The Alzheimer’s Association suggests certain tactics to take when persuading a loved one to give up his or her firearms because of safety concerns:
- Bring up the topic by asking about the value of the firearms. A discussion might include asking who might inherit various pieces and suggesting giving them to the recipient sooner rather than later so the firearms can continue to be cared for properly.
- Suggest donating antiques so others can learn about them.
- Suggest selling firearms no longer used—along with other family heirlooms and valuable items, such as jewelry.
- Consider asking an authority figure that your relative trusts and respects to participate in the conversation. You can also enlist other family members and friends, such as hunting buddies, to participate in an open discussion.
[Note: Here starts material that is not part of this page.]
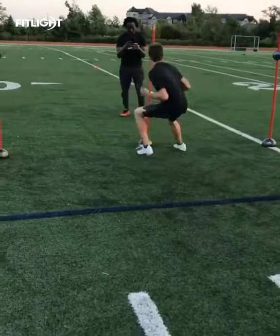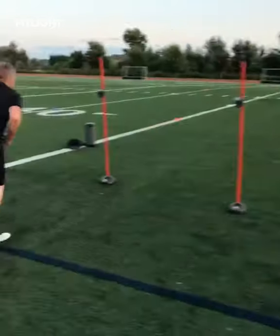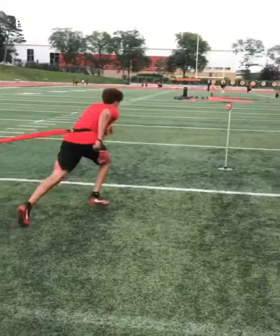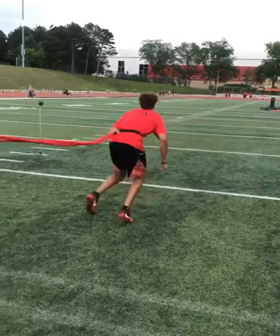In and out of those breaks. That's it, come on. Let's go, Josh. Find it. Boom. That's it, good. Accelerate out. Get out of there.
- Acknowledge your relative’s emotions, including anger or sense of loss, which he or she may feel at the thought of relinquishing the firearms.
Seek outside help
Doctors can play a role in persuading patients to engage in safe storage of their firearms and create a safe environment in their home. However, the few studies done to address their role had conflicting results on their effectiveness. Still, your relative’s primary care doctor may be able to convince him or her to:
- Rethink gun ownership if storing a gun in the home may be dangerous to your relative or other residents and visitors like young children or adolescents who may unintentionally find and fire the gun
- Participate in firearm safety training
- Store firearms outside of the home, such as at a gun range or a family member’s residence
If all else fails, you can offer to have the gun professionally cleaned but then also have the trigger mechanism disabled. You can also replace live ammunition with blanks. However, if someone is at risk of injuring themselves or others, disabling a firearm—and locking up or hiding an unloaded gun—may not be enough. If your relative finds the firearm, he or she can be seen as a threat by bystanders who don’t know the gun won’t fire or is loaded with blanks. The safest action is to remove all firearms from the home. In addition, you should advise visitors to never bring a firearm to the home of a person at risk for self-harm or injuring others.
If your relative won’t consent to removing the firearms, you may need to remove them against the person’s wishes, which is best done while he or she is out of the house. Be sure to remove reminders of the weapons, including cases, ammunition, racks, and holsters. If you need assistance removing the guns, local police may be able to help. If you feel that someone is at imminent risk or at risk for harming others, call local law enforcement or 9-1-1 immediately.
Sample Family Firearm Agreement
Following is a sample family firearm agreement, which was published in the July 3, 2018 issue of the Annals of Internal Medicine. Be sure that the agreement you use is signed and dated.
To my family: The time may come when I can no longer make the best decisions for the safety of myself and others. Therefore, in order to help my family make necessary decisions, this statement is an expression of my wishes and directions while I am still able to make these decisions. I have discussed with my family my desire to control possession of my firearm(s) as long as it is safe for me to do so.
When it is no longer safe for me to have access to my firearms, I desire (person’s name) to tell me. I trust my family will take the necessary steps to protect me and those around me while still protecting my dignity and rights.